Cimón, que seguía hombro a hombro con su padre, tiró la lanza, que se le había vuelto a romper, y desenfundó la espada. Estaba tan excitado como un garañón ante un rebaño de yeguas, y la distancia que interponía la lanza entre los enemigos y él era demasiado frustrante para su sed de sangre.
—¡Estás loco! —gritó Milcíades—. ¡Coge una lanza!
—¡No me hace falta, padre! Milcíades se volvió hacia él. Tenía las pestañas blancas de polvo y la barba pringada de saliva y de sangre, suya o de algún persa.
—No se trata de que te haga falta a ti, sino de lo que tenemos que hacer. ¡O coges una lanza o te vas a la fila de atrás! Alguien le pasó una pica a Cimón. Tenía la punta limpia, pero la contera estaba ensangrentada.
Su dueño debía haber rematado a un enemigo caído en el suelo mientras pasaba por encima de su cuerpo.

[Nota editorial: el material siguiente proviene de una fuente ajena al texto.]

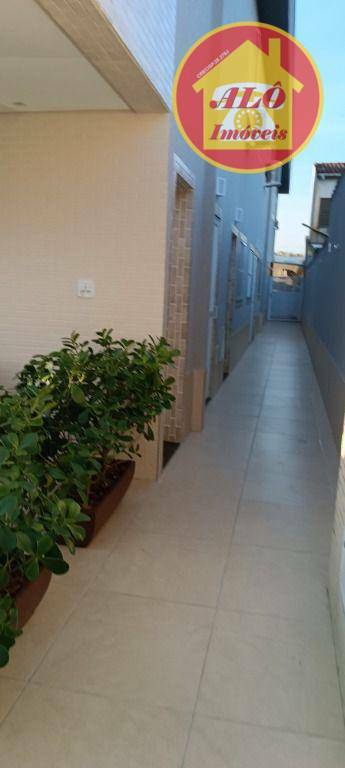 Sobrado à venda com 2 quartos, 58m² - Foto 24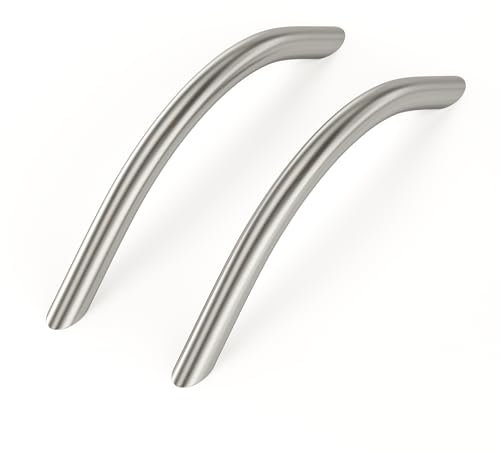 LONTAN 15 Stück Griffe für Küchenschränke 128mm lochabstand Möbelgriffe Schrankgriffe Küchengriffe Griffe edelstahl Schranktürgriffe Griffe Möbel für Badezimmer, Schlafzimmer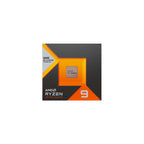 AMD Ryzen 9 7900X3D - Box - utan kylare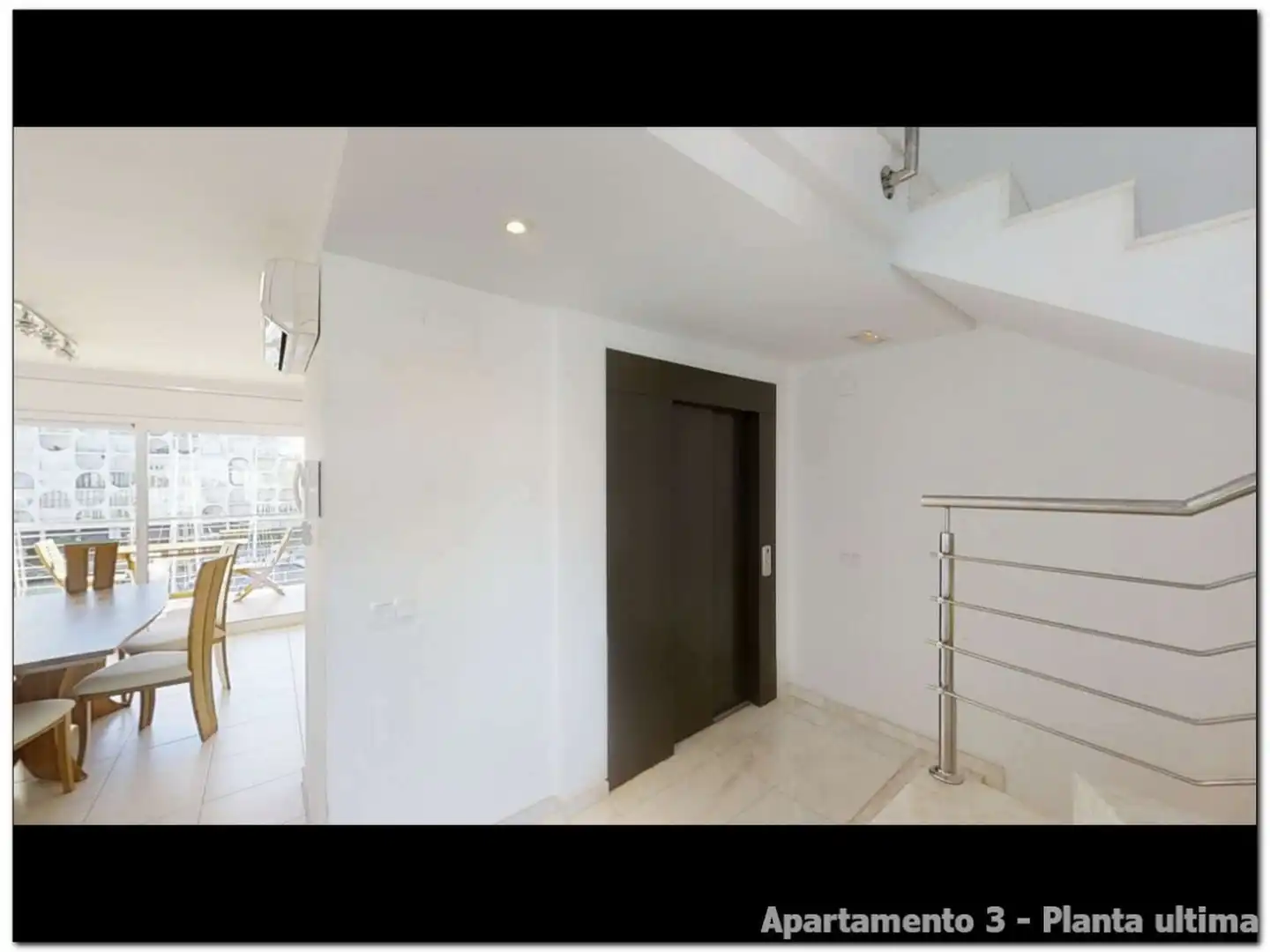 Mixte résidentiel avec ascenseur à vendre à SALINS 2 26, imagen 6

Una racha de aire desgarró el velo de polvo, y ante ellos, a unos cinco metros, apareció nítidamente una fila de lanceros persas que les ofrecían el costado izquierdo. Algunos de ellos vieron a los atenienses y se volvieron con gesto de asombro. Sin duda, no se esperaban ver enemigos por aquel lado.
—¿Ves, hijo, como te hacía falta una lanza? —dijo Milcíades—. No se pueden pescar atunes con espada.

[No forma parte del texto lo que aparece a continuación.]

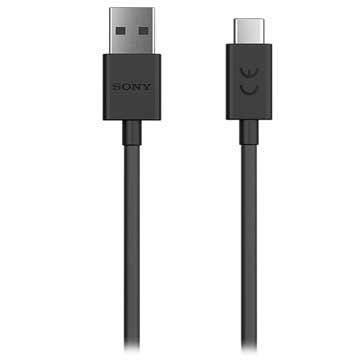 Sony UCB20 USB Type-C Cable - 0.95m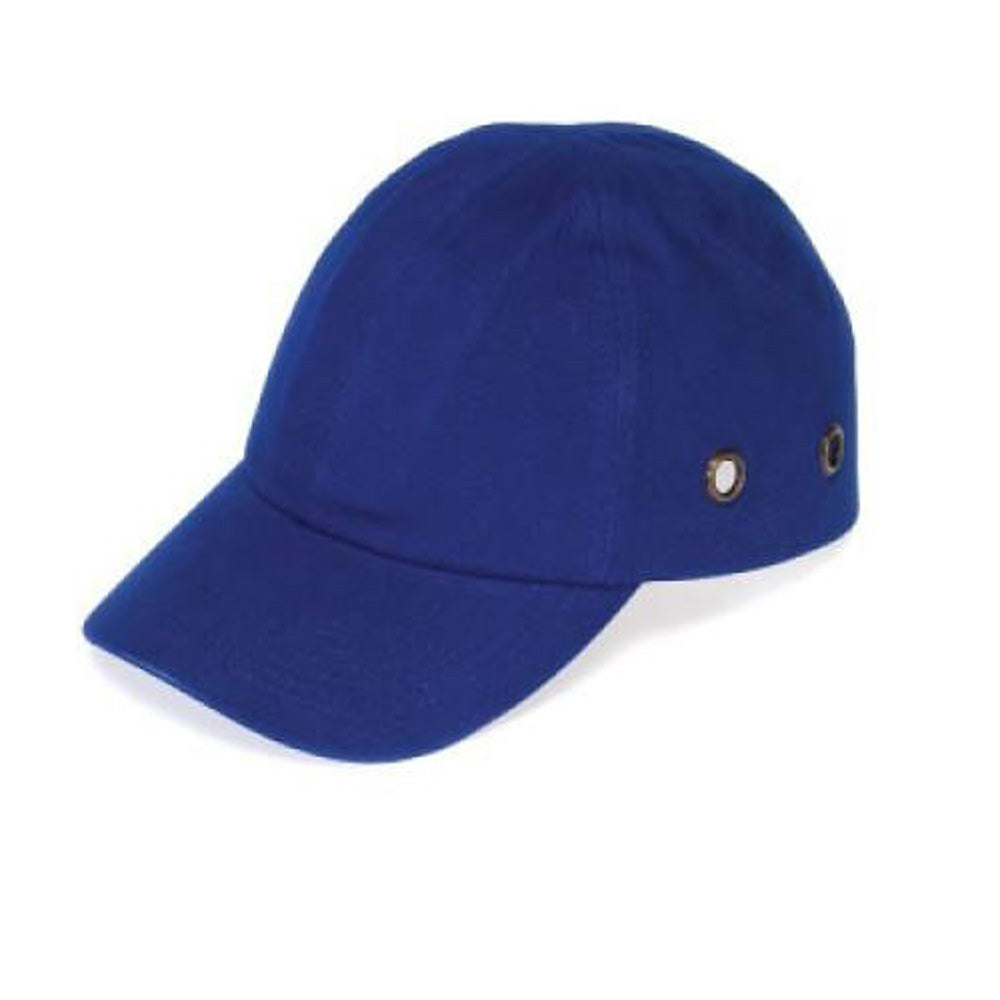 Durashell - Baseball Bump Cap - Blue-eSafety Supplies, Inc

El terral había dejado paso a la brisa del mar, que soplaba ahora con cierta fuerza y arrastraba las nubes de polvo hacia los montes que cerraban el valle por el norte. Temístocles tuvo una visión más clara de la situación, al menos en la zona donde se encontraba su tribu. Frente a ellos seguía habiendo un gran número de persas, pero ya no estaban tan organizados como antes. Algunos caftanes rojos de arqueros se mezclaban con los azules de los lanceros, y unos se empujaban a otros, cada grupo pugnando en una dirección diferente. Detrás, por encima de las cabezas de los enemigos, se alzaban puntas de lanzas, y también penachos que parecían griegos. Por si a Temístocles le cabía alguna duda más, desde allí, sobreponiéndose a los gritos y las voces de los persas, le llegó el inconfundible canto del peán.